George Brady, for Patrick Nevin, of Tynagh, Loughrea; and Margaret Lavelle, of Ballinagran, Craughwell, both Co Galway, said that if the court allowed the evidence of Mrs Nevin's conviction to be used, the onus was on her to prove she did not murder her husband.
Counsel said it would be illogical and an abuse of process if evidence of Mrs Nevin's conviction by a jury could not be used in the civil action.
In addition, the Court of Criminal Appeal had dismissed both her appeal against conviction in 2003, and her bid to have her conviction declared a miscarriage of justice in 2010.
Solicitor Anne Fitzgibbon for Mrs Nevin argued it would be incorrect to admit evidence of the conviction in the civil action.

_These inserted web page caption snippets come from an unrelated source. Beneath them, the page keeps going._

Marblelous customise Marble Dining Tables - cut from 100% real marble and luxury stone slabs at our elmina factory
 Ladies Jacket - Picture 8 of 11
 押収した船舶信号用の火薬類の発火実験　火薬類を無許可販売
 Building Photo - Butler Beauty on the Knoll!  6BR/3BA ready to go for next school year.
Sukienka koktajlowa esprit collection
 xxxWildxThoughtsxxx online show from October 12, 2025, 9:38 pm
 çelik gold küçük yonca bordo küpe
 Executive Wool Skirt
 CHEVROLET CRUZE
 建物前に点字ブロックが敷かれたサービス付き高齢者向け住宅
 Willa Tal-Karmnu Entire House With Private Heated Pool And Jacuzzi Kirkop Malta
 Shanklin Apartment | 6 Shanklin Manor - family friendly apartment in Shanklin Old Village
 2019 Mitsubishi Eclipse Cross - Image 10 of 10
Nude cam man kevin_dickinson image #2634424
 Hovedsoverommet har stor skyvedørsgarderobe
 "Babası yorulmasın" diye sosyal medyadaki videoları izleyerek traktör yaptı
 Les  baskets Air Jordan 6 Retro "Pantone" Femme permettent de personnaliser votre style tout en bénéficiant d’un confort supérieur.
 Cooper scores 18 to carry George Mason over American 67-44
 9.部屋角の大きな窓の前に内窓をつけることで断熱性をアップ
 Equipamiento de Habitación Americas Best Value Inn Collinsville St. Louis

The "traditional rule" was that evidence of a criminal conviction cannot be used in a civil action, Ms Fitzgibbon said.
In response to the judge, Ms Fitzgibbon said if the conviction was admissible in the civil action it would be "virtually impossible" for Mrs Nevin to prove her innocence.
The court also heard that in an affidavit Mrs Nevin said she was quite happy to come to court and give evidence.
Mr Nevin's assets include: Jack White's Inn near Brittas Bay, Co Wicklow, which was jointly owned, and sold by his widow in late 1997 for IR£620,000; two Dublin properties; an Irish Life Assurance policy for almost IR£78,000; and cash of IR£197,000. He did not leave a will.
In 2000, Mrs Nevin was convicted of murdering Mr Nevin at their pub on March 19, 1996.
She was jailed for life on that charge and also received a seven-year sentence for soliciting three men to kill her husband in 1989 and 1990.